This film is long overdue. Alice Guy Blache deserves her place in cinematic history and a place in the canon. As director Pamela B. Green points out, she was also one of the first to use close-ups, hand-tinted images and synchronised sound. It’s not necessary to accept all these claims to recognise that Alice Guy, who would soon marry Englishman Herbert Blaché, was an extraordinary woman who deserves to be better known. As Green keeps asking: why haven’t we heard of her? We know why now : managed decline of female directors careers, questioning whose work gets preserved, questioning who writes history etc. This film redresses the balance – and we feel is a must for film aficionados especially those keen on equality in film.
SYNOPSIS
When Alice Guy-Blaché completed her first film in 1896 Paris, she was not only the first female filmmaker, but one of the first directors ever to make a narrative film.

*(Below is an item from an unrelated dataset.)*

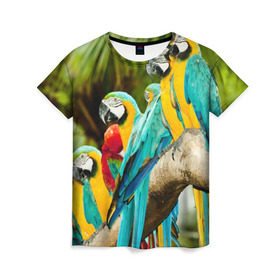 Женская футболка 3D с принтом Попугаи на ветке в Белгороде, 100% полиэфир ( синтетическое хлопкоподобное полотно) | прямой крой, круглый вырез горловины, длина до линии бедер | Тематика изображения на принте: джунгли | клюв | острова | перья | попугай | птица | тропики | экзотика
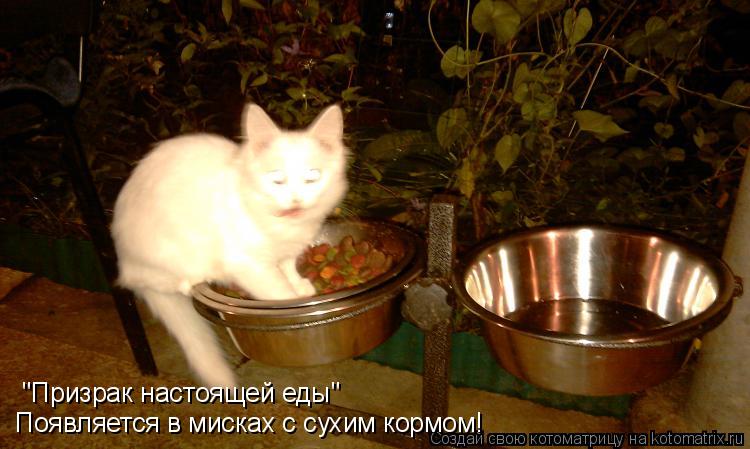 "Призрак настоящей еды" Появляется в мисках с сухим кормом!... Котоматрица: "Призрак настоящей еды" Появляется в мисках с сухим кормом!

In Be Natural, Pamela B. Green acts as a detective, revealing the real story of Guy-Blaché and highlighting her pioneering contributions to the birth of cinema and her acclaim as a creative force and entrepreneur in the earliest years of movie-making.
Narrated by Jodie Foster, the film features commentary from Diablo Cody, Geena Davis, Julie Delpy, Ava DuVernay, Michel Hazanavicius, Patty Jenkins, Ben Kingsley, Andy Samberg, Agnès Varda, Evan Rachel Wood and more.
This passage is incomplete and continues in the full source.